This paper builds off of DeepMind's previous work on differentiable computation:...

modeless · on Oct 13, 2016

The reason other researchers haven't jumped on NTMs may be that, unlike commonly-researched types of neural nets such as CNNs or RNNs, NTMs are not currently the best way to solve any real-world problem. The problems they have solved so far are relatively trivial, and they are very inefficient, inaccurate, and complex relative to traditional CS methods (e.g. Dijkstra's algorithm coded in C).

That's not to say that NTMs are bad or uninteresting! They are super cool and I think have huge potential in natural language understanding, reasoning, and planning.
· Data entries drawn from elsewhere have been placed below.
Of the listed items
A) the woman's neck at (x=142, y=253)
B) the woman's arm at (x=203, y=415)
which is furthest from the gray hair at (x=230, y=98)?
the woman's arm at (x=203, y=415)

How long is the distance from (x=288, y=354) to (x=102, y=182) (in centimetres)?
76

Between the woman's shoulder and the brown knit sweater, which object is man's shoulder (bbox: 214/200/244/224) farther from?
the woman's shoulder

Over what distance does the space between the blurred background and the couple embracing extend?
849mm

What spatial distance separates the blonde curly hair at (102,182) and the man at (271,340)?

However, I do think that DeepMind will have to prove that they can be used to solve some non-trivial task, one that can't be solved much more efficiently with traditional CS methods, before people will join in to their research.

Also, I think there's a possibility that solving non-trivial problems with NTMs may require more computing power than Moore's law has given us so far. In the same way that NNs didn't really take off until GPU implementations became available, we may have to wait for the next big hardware breakthrough for NTMs to come into their own.
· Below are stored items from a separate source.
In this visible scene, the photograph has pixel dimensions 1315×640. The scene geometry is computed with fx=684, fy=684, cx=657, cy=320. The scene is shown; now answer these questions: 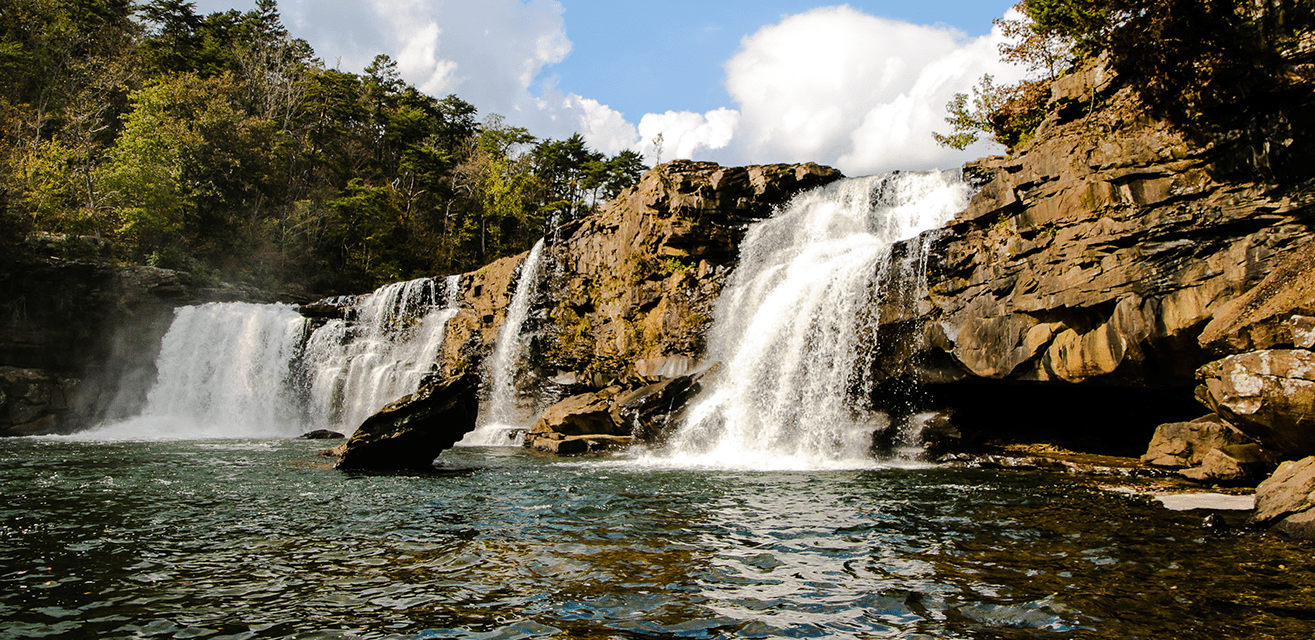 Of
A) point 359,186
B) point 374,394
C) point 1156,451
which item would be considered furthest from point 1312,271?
point 359,186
empath75 · on Oct 13, 2016

The brain is not a single universal neural network that does everything well. It's a collection of different neural networks that specialize in different tasks, and probably use very different methods to achieve them.
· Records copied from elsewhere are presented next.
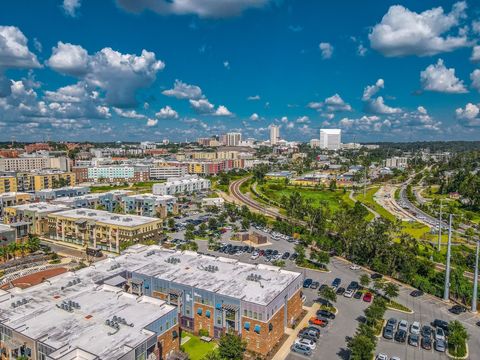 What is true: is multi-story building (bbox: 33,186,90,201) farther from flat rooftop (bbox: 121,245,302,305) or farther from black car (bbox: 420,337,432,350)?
black car (bbox: 420,337,432,350)

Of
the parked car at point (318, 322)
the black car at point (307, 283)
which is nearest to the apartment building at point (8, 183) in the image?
the black car at point (307, 283)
It seems like the way forward would be networking together various kinds of neural networks to achieve complex goals. For example, an NTM specialized in formulating plans that has access to a CNN for image recognition, and so on.

vinay427 · on Oct 13, 2016

This is being done using various types of networks. See these slides on image captioning by Karpathy for an example using a CNN and RNN: http://cs.stanford.edu/people/karpathy/sfmltalk.pdf

Senji · on Oct 13, 2016

If we're going with a brain metaphor. What would be the those neural networks' version of synesthesia?

empath75 · on Oct 13, 2016

Feeding mp3s to an image recognition neural net. And as soon as I typed that, I want to try it.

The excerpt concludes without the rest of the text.